> _Work request_: Take the records below and print them verbatim up to and including the line that carries "White Slub Silk".
====
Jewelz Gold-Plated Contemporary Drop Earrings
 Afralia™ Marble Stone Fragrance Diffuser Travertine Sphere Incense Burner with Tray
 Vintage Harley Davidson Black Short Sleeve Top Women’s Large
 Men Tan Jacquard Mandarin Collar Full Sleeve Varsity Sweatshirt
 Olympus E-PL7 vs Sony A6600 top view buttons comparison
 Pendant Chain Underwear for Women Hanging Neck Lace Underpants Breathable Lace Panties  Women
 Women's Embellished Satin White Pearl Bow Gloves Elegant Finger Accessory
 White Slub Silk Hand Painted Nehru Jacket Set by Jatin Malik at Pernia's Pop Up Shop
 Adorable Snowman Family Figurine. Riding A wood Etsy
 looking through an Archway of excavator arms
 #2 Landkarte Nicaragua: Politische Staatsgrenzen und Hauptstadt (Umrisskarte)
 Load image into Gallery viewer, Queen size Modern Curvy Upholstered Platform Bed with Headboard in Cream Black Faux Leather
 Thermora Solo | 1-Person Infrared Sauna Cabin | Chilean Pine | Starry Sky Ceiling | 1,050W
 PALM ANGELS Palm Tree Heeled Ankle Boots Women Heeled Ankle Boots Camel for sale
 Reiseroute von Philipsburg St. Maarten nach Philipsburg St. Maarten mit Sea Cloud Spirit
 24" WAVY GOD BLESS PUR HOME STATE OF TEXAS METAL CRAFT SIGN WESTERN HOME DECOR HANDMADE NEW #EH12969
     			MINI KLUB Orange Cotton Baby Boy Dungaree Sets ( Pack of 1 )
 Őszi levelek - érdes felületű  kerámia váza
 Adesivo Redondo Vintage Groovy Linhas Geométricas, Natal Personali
====
> _Answer space_:
Jewelz Gold-Plated Contemporary Drop Earrings
 Afralia™ Marble Stone Fragrance Diffuser Travertine Sphere Incense Burner with Tray
 Vintage Harley Davidson Black Short Sleeve Top Women’s Large
 Men Tan Jacquard Mandarin Collar Full Sleeve Varsity Sweatshirt
 Olympus E-PL7 vs Sony A6600 top view buttons comparison
 Pendant Chain Underwear for Women Hanging Neck Lace Underpants Breathable Lace Panties  Women
 Women's Embellished Satin White Pearl Bow Gloves Elegant Finger Accessory
 White Slub Silk Hand Painted Nehru Jacket Set by Jatin Malik at Pernia's Pop Up Shop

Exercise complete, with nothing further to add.